Il paraît que le jour même de la dissolution de la diète il reprit sa manière de vivre habituelle, et qu’il alla avec quelques amis jouer aux quilles dans un cabaret de campagne des environs de Bude. On lui en a fait un reproche. Comment pouvait-il se livrer ainsi à de vulgaires distractions au moment où il avait donné le signal d’une lutte décisive entre son pays et l’Autriche? Comment expliquer tant d’indifférence en présence de si graves événemens? Deák, a-t-on répondu, était rentré dans la vie privée. A aucun prix, il ne voulait prendre la pose d’un martyr : il était d’ailleurs heureux du résultat de la session. Il était sûr de la victoire. Il avait donné à son pays un programme raisonnable qui avait été adopté à l’unanimité par tous les partis.
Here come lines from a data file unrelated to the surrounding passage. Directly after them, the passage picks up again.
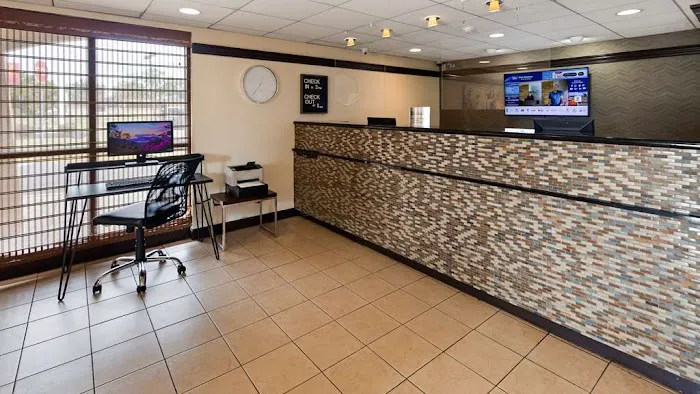 SureStay by Best Western East Brunswick 4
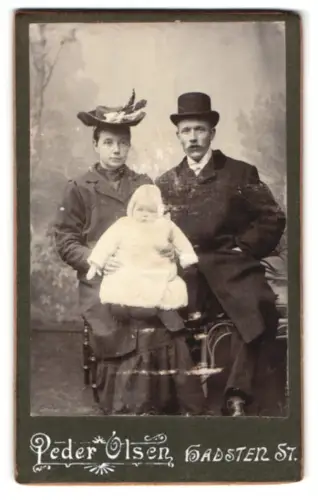 Fotografie Peder Olsen, Hadsten, Familienportrait mit Kind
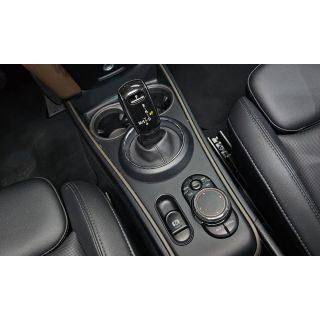 740763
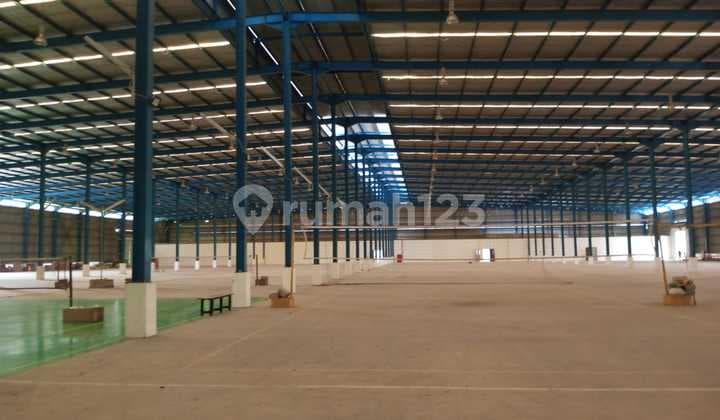 "Dijual Pabrik Delta Silicon 3 Lippo Cikarang | Baru Renovasi 2026 | LT 1.5 Ha Roof 13.5M"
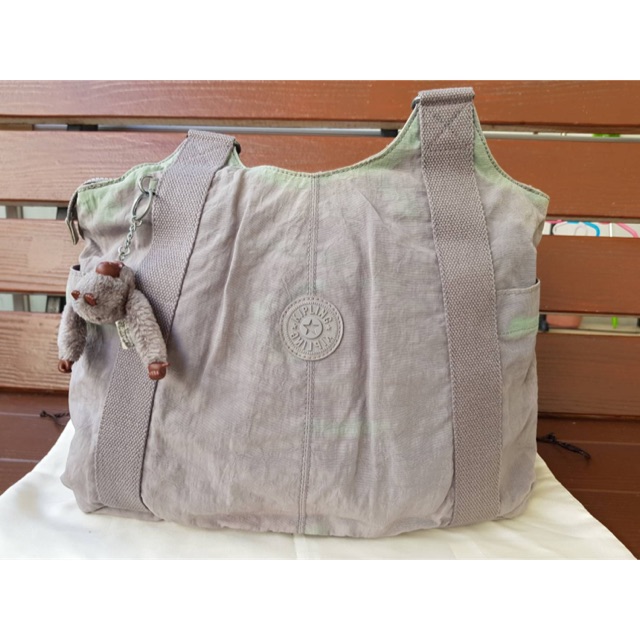 กระเป๋า KIPLING สะพายใบใหญ่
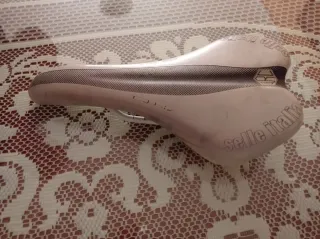 Cascos y guantes de ciclismo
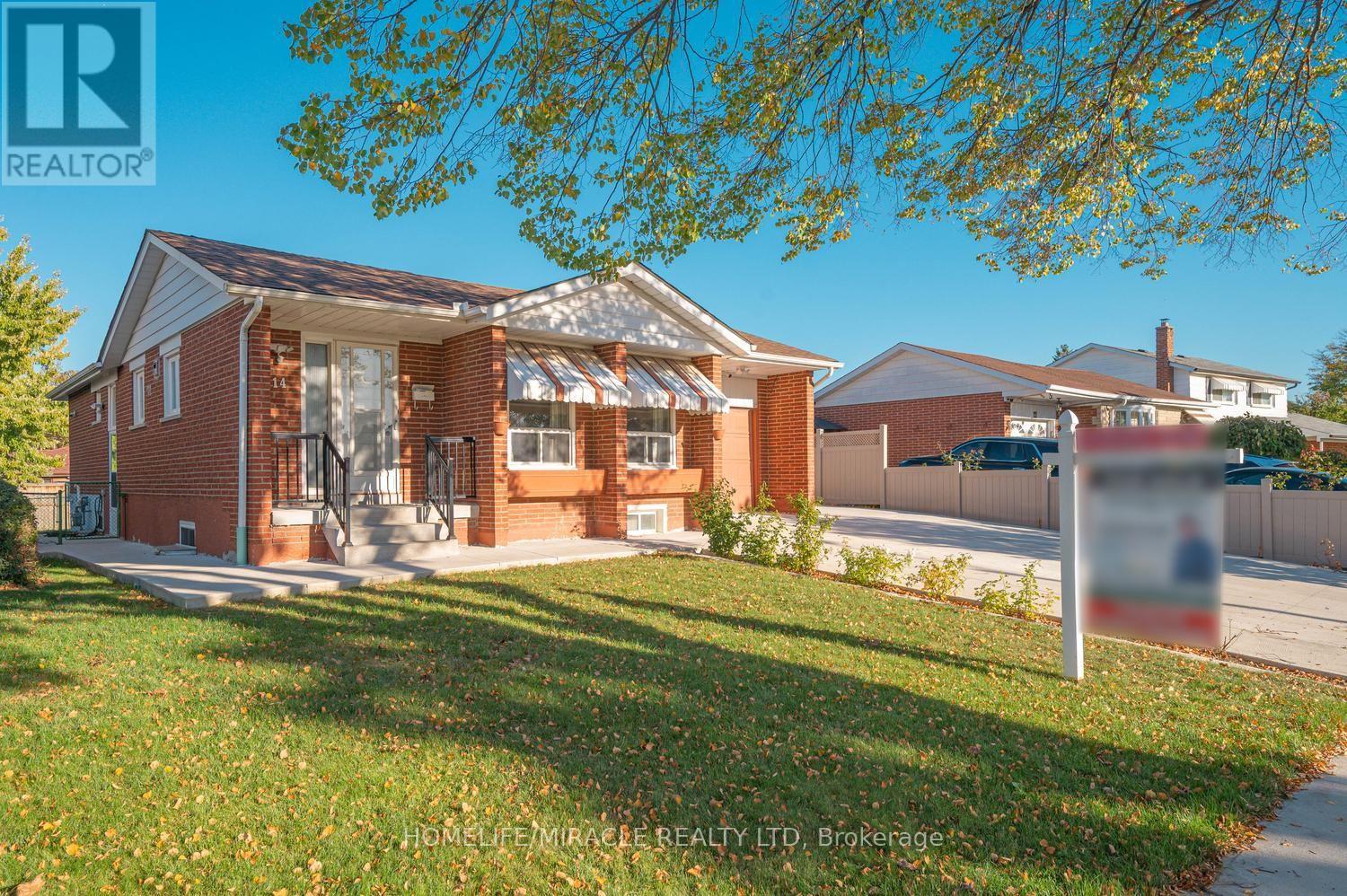 14 Tinton Crescent, Toronto, ON photo 3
Cette unanimité rendait toute révolution inutile, car elle assurait le triomphe de la résistance légale. Quand une nation tout entière est décidée à ne rien abandonner de ses droits, la compression, eût-elle à ses ordres une armée de gendarmes, n’en viendra pas à bout à moins de l’exterminer. Il savait que l’Autriche serait bientôt réduite à céder et que l’indépendance de la Hongrie triompherait. C’est pour cela que le soir du 21 août 1861 Deák buvait gaîment de l’ofener, et jouait aux quilles sous les tonnelles de la Schöne Schäferin.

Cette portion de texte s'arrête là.